St. Peter Gate
St. Peter Gate was built in 1717-1718 by Domenico Trezzini. This is the only historical and architectural monument that has come down to us almost unchanged (only the figure of St. Peter that stood above the gate has not remained). Until 1740s the St. Peter Gate was the fortress’ main entrance. Of the initial decoration on the gate the wooden bas-relief (sculptor Niccolo Pineau) depicting armor and the god of Sabaoth in the clouds, has been preserved.
The wooden bas-relief (sculptor Konrad Osner, circa 1708) depicting a pagan priest prostrated by the strength of the prayer of the Apostle Peter, is quite intriguing. The allegorical bas-relief was called upon to instill the thoughts of the omnipotence of the tsar Peter the Great. Below the bas-relief, a lead effigy (1720) of a two-headed eagle, the coat of arms of the Russian Empire, guards the archway of the gate.

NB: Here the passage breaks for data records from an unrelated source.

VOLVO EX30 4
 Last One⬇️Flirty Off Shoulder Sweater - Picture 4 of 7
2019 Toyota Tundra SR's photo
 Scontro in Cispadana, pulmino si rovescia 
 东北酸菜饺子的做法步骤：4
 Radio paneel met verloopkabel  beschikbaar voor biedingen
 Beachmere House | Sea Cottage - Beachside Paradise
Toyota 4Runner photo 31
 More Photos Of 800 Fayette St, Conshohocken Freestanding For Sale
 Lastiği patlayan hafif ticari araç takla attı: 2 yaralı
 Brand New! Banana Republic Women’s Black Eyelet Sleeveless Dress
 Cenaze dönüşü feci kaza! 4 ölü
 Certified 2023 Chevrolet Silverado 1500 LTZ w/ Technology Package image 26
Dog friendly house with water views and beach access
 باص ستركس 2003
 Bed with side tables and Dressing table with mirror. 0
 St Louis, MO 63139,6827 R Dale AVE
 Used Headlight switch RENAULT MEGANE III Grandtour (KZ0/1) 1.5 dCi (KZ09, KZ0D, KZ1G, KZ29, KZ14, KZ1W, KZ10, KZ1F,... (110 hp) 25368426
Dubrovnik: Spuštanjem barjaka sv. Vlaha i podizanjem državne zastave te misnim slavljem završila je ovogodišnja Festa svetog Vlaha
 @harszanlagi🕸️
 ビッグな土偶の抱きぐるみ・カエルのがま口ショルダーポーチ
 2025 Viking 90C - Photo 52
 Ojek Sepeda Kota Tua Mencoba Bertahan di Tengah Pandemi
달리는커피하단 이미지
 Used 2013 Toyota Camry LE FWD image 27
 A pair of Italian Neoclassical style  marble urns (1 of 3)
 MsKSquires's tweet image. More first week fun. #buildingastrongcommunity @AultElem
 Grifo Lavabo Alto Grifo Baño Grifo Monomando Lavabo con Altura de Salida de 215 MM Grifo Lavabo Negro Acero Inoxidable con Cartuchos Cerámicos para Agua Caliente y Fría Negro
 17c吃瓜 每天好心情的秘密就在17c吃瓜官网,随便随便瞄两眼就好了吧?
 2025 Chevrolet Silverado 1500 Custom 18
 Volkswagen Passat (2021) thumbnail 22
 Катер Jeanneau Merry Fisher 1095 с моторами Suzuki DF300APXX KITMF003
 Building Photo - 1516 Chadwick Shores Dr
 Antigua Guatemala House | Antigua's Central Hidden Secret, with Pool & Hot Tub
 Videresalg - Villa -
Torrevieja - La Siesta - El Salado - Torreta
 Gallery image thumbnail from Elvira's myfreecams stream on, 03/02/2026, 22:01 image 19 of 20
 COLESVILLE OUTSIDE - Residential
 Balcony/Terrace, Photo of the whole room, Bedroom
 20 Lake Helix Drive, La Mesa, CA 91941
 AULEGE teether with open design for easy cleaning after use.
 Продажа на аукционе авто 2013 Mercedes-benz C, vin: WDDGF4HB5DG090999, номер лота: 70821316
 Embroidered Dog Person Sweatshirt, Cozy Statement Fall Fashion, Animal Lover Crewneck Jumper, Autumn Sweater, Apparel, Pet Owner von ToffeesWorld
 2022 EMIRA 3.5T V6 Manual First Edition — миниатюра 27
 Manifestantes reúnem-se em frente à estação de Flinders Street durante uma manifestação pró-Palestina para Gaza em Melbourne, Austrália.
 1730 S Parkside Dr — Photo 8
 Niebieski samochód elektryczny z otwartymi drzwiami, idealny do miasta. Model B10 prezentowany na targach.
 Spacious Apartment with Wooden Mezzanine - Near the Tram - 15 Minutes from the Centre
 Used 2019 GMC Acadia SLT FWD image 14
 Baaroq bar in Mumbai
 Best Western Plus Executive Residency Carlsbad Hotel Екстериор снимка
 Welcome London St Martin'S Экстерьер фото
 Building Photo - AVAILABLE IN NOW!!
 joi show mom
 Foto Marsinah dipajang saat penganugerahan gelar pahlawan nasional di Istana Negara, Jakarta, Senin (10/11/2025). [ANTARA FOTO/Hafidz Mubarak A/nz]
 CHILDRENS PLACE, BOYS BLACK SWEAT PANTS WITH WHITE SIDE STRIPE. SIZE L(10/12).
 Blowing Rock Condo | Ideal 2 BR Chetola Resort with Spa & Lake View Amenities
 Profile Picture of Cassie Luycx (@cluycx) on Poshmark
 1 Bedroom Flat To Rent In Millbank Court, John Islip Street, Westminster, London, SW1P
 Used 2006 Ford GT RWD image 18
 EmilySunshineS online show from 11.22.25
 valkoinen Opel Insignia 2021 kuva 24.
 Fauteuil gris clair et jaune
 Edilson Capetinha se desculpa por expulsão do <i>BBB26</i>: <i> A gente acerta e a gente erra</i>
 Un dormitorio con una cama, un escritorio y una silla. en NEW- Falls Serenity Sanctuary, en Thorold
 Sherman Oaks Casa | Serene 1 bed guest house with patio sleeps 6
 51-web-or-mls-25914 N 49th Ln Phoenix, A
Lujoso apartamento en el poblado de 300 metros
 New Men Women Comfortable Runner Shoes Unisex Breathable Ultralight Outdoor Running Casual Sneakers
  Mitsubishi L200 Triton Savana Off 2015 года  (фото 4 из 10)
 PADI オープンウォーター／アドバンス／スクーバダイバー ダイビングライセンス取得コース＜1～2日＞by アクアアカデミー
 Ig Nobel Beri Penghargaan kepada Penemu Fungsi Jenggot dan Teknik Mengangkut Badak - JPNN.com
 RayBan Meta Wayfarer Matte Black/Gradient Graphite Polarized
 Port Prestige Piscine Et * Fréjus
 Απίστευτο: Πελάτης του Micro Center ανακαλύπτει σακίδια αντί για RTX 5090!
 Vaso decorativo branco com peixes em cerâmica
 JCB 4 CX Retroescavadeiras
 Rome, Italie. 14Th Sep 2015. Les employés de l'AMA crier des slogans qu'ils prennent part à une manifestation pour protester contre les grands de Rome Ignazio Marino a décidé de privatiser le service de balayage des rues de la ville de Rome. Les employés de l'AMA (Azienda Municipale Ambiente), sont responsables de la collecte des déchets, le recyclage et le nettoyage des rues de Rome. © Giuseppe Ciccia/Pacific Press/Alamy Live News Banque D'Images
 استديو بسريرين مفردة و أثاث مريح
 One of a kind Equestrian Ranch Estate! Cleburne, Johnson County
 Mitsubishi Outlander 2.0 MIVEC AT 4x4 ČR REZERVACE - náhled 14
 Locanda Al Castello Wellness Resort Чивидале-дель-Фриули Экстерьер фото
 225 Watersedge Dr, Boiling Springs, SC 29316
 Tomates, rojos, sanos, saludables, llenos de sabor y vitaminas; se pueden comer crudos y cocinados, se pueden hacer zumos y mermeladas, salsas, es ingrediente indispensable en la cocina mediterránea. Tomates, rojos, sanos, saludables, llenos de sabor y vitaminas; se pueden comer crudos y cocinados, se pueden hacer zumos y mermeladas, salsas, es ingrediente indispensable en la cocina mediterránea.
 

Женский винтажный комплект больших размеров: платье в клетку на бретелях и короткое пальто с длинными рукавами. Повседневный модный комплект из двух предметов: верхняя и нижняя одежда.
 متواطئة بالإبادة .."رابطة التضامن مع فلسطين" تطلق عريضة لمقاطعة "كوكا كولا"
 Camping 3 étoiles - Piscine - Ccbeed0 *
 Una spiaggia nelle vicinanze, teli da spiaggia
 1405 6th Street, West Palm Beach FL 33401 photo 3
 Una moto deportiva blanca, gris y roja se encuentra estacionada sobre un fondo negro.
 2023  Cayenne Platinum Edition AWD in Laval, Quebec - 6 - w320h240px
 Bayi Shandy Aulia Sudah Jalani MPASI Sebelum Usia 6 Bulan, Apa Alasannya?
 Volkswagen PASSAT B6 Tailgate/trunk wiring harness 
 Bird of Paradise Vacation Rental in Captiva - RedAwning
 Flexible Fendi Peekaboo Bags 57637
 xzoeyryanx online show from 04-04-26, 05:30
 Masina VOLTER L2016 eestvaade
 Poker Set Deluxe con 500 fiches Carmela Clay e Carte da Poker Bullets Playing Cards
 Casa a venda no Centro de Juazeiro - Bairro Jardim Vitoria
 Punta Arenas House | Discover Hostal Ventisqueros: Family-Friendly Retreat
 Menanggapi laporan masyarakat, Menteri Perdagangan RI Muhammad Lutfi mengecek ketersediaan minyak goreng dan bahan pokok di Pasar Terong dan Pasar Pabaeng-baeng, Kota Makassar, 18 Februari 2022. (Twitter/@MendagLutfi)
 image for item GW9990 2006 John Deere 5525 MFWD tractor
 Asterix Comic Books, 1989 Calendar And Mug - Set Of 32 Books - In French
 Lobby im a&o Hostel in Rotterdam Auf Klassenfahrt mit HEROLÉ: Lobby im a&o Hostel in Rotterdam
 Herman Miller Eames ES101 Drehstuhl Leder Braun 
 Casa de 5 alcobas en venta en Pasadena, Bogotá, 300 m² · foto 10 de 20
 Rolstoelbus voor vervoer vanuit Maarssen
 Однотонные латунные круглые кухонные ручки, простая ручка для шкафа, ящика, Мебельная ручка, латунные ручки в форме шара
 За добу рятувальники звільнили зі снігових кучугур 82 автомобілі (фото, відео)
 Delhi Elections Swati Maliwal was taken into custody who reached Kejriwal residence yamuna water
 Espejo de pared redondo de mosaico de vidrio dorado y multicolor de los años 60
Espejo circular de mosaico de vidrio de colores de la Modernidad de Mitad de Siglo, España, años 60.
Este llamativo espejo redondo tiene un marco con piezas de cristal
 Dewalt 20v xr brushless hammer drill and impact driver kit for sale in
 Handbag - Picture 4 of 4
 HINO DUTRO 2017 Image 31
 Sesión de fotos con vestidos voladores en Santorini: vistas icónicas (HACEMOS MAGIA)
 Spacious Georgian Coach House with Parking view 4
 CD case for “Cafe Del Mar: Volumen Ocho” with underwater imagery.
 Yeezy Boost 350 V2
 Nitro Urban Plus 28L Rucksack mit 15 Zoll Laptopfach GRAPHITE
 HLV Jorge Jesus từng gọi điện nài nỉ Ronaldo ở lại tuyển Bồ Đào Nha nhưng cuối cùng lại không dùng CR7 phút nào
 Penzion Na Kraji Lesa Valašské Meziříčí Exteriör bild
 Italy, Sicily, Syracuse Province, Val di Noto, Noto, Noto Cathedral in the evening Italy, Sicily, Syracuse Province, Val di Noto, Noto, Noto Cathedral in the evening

Statues of ancient Roman goddesses stand in the niches of the gateway; on the right there is the goddess of war, Bellona, and on the left the patroness of arts and crafts, of schoolteachers and doctors, Minerva. These sculptures glorified in allegorical form Peter the Great’s wisdom as a military leader and statesman. The St. Peter Gate is the only example of a triumphal structure in Saint Petersburg dating from the beginning of the 18th century.